:: EXERCISE ::
The copy must match the data word for word and contain no pictures.

:: DATA ::

————————

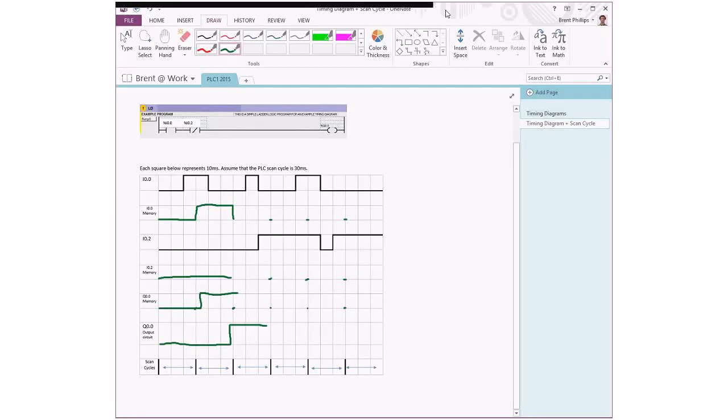This timing diagram example continues on from the previous video, showing what happens with the scan cycle different stages as our inputs are changing.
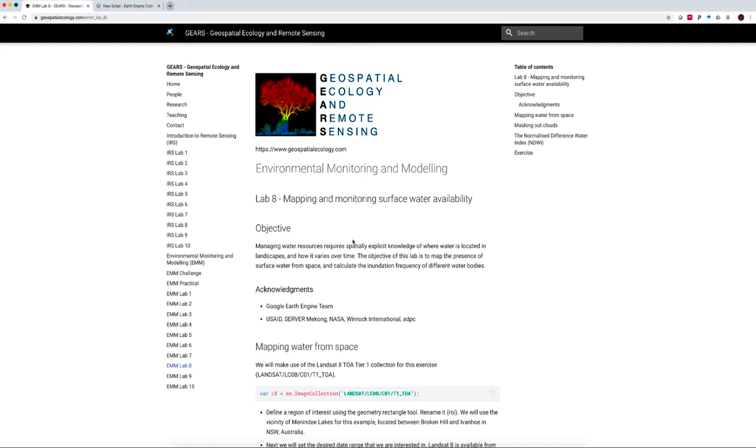Hello everyone, I'm Sean Levick from the Geospatial Ecology and Remote Sensing Lab. This is our Environmental Monitoring and Modelling course, and today we're moving on to Lab 8, Mapping and Monitoring Surface Water Availability from Space.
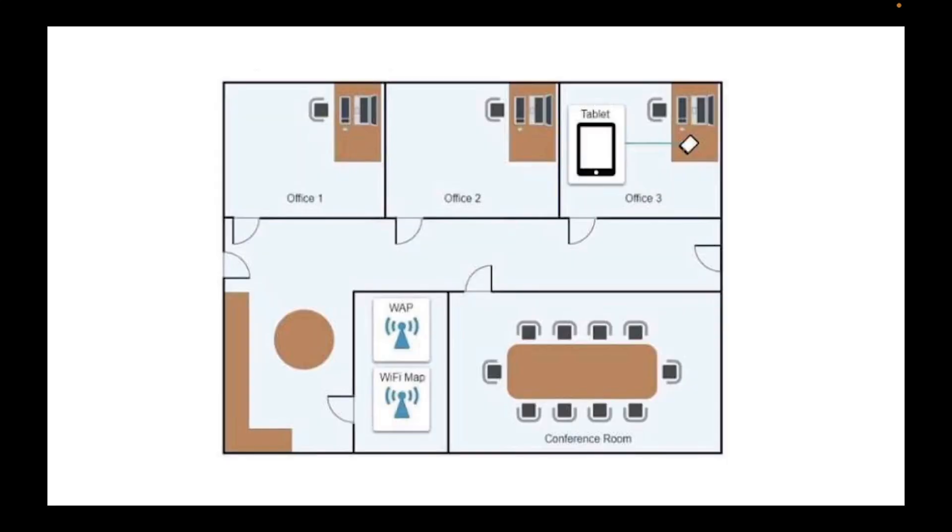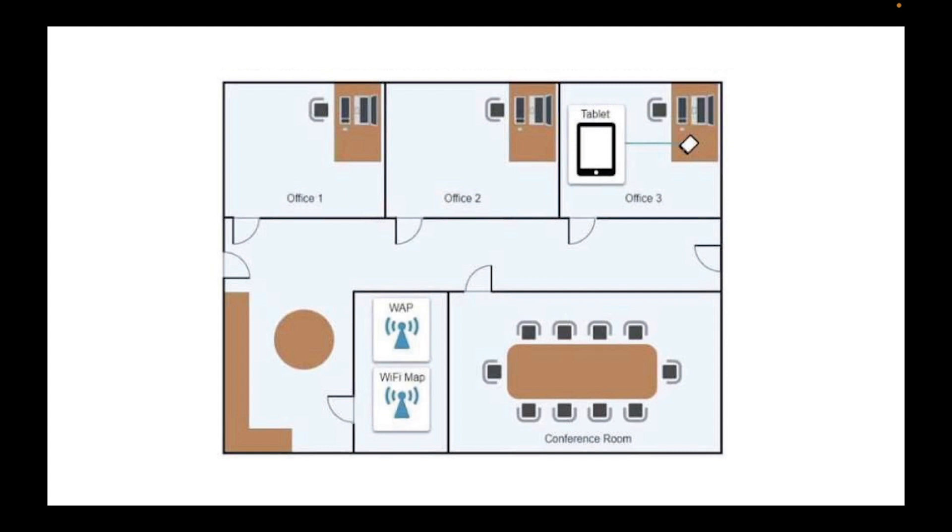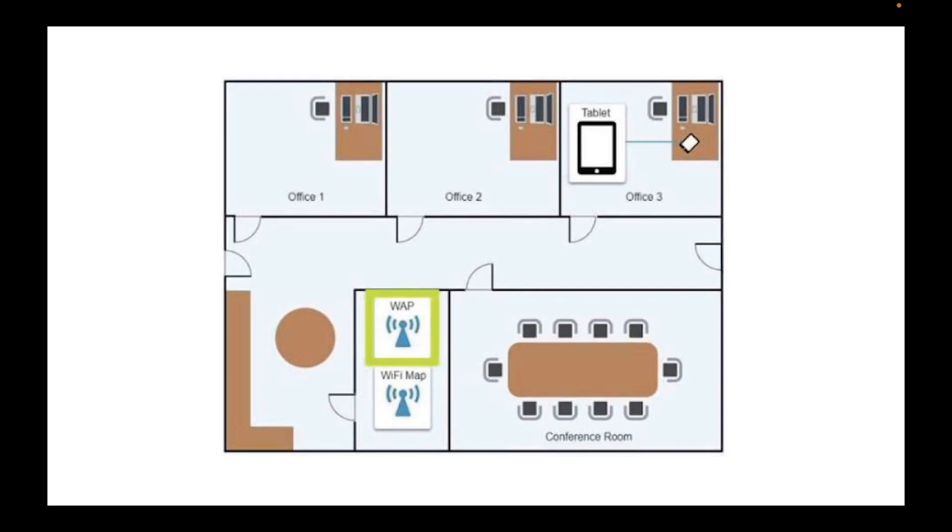All right, as you can see, this is the map of the office where Megan is located. You see Megan's tablet is in office three, right? And the wireless access point apparently looks like an IT room that is on the other side. So let's see the next slide.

————————

:: YOUR RESPONSE ::
This timing diagram example continues on from the previous video, showing what happens with the scan cycle different stages as our inputs are changing.
Hello everyone, I'm Sean Levick from the Geospatial Ecology and Remote Sensing Lab. This is our Environmental Monitoring and Modelling course, and today we're moving on to Lab 8, Mapping and Monitoring Surface Water Availability from Space.
All right, as you can see, this is the map of the office where Megan is located. You see Megan's tablet is in office three, right? And the wireless access point apparently looks like an IT room that is on the other side. So let's see the next slide.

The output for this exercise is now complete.